Therefore, it is recommended that the Commission on Ethics recommend that the Governor publicly censure and reprimand the Respondent and impose a civil penalty of $1,000.00 against him.
Based on the foregoing findings of fact and conclusions of law, the undersigned Hearing Officer recommends that the Commission on Ethics enter a final order and public report finding that the Respondent, William G. Smith, has violated Section 112.313(6), Florida Statutes, through his actions in using Deputies and County vehicles for his personal benefit, and that he did not violate Section 112.313(6), Florida Statutes, by using County jail inmates for his personal benefit, as alleged. Further, the Hearing Officer recommends that the Commission's order recommend that the Governor of the State of Florida publicly censure and reprimand the Respondent and impose a civil penalty upon him in the amount of $1,000.00.

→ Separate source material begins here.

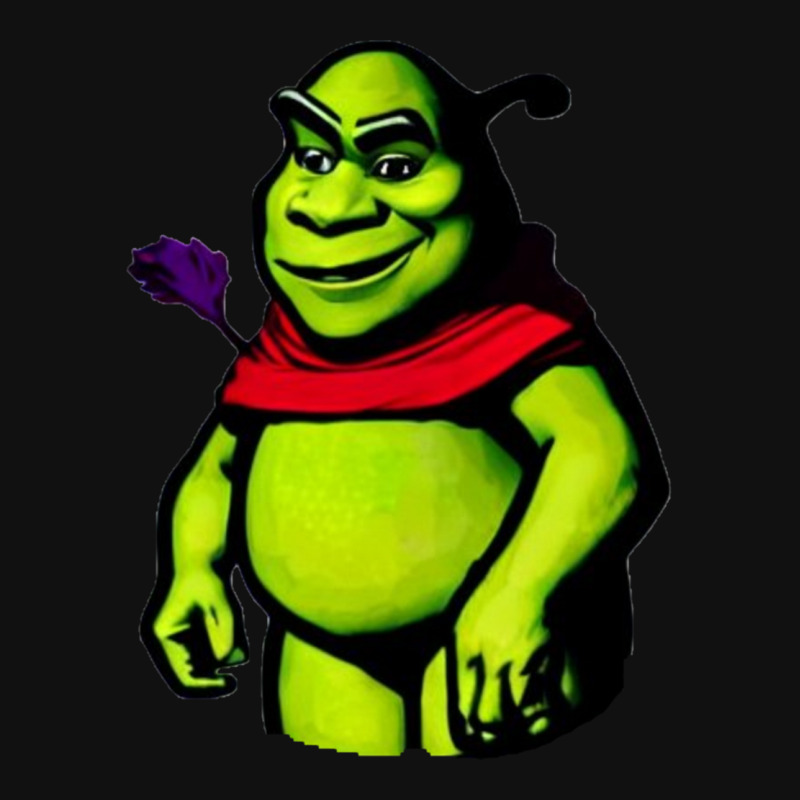 Shrek Meme Face Crew Socks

ENTERED and respectfully submitted this ____ day of December, 1990.
Debra A. Zappi
Hearing Officer and Member
Commission on Ethics
Copies furnished to:
Mr. Mark Herron, Attorney for Respondent
Mr. Craig B. Willis, Commission Advocate
The following are rulings on the proposed findings of fact submitted by the Advocate:
4. Accepted, except that the record does not support a finding that Johnson worked on more than one fender.
The following are rulings on the proposed findings of fact submitted by the Respondent:
3. Accepted, except that the record indicates that the beams were at the jail for approximately one week.
5. Accepted, except that Deputy Stone's testimony is sufficient to establish that Johnson sanded some of the beams.
10-11. Accepted to the extent that Bontrager's testimony is not used to support any findings of fact.
14. Accepted, except that it is not found by a preponderance of the evidence that on most occasions the Respondent transported Everett.